- [What to do] Starting at the line that contains "Blah blah Sweatshirt" and stopping at the line that contains "used 2023 Hyundai", transcribe every line of the material below exactly; pictures stay out.

**** Material supplied ****

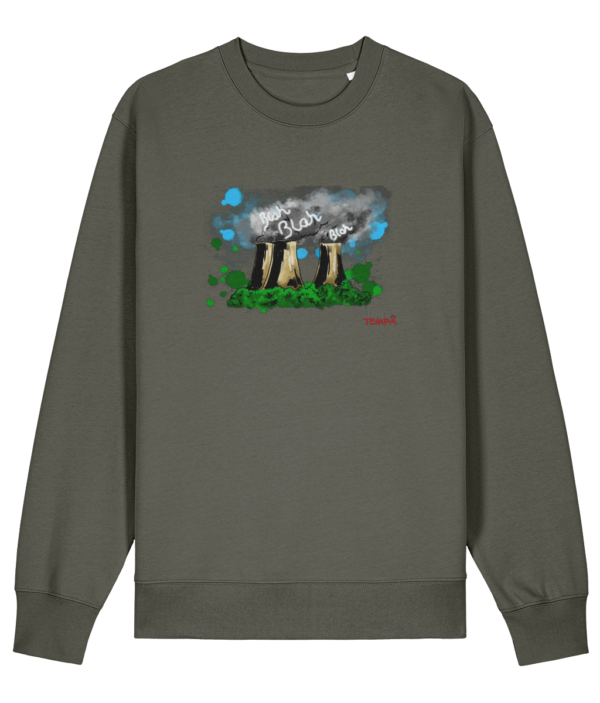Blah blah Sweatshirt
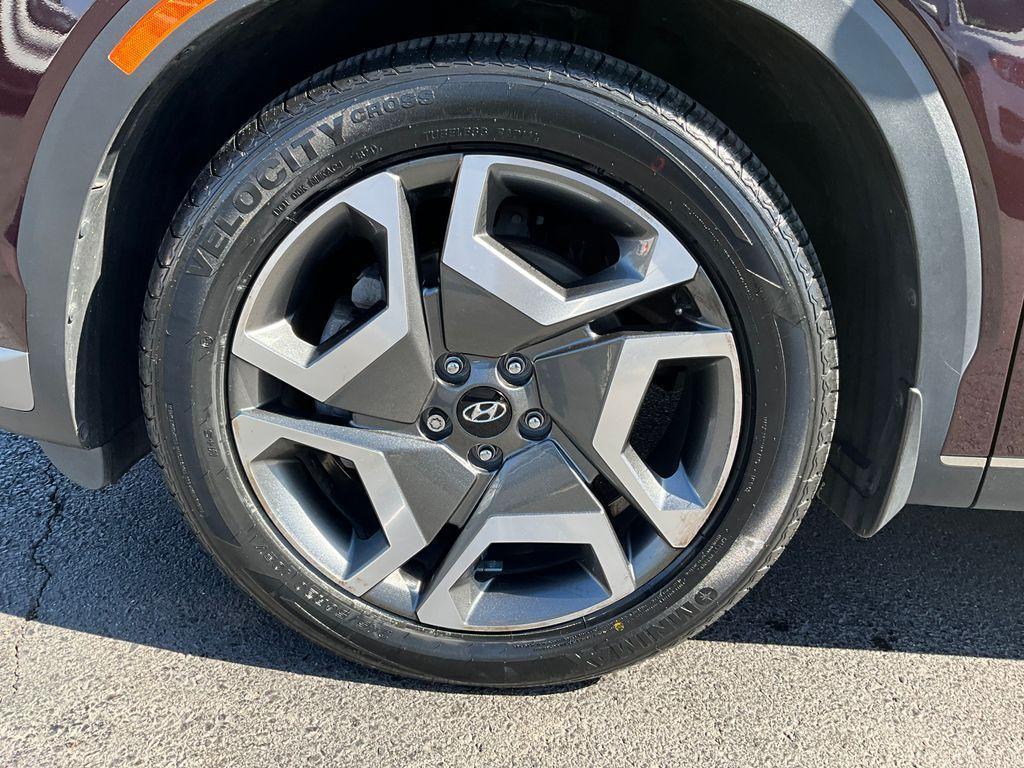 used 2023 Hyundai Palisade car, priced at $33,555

****
**** Material supplied ****

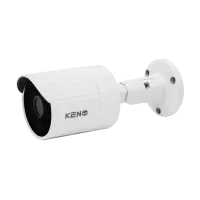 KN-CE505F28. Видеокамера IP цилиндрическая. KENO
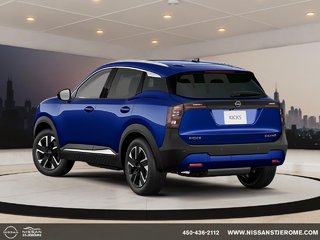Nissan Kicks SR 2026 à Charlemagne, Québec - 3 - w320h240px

****

- [Response]
Blah blah Sweatshirt
 used 2023 Hyundai Palisade car, priced at $33,555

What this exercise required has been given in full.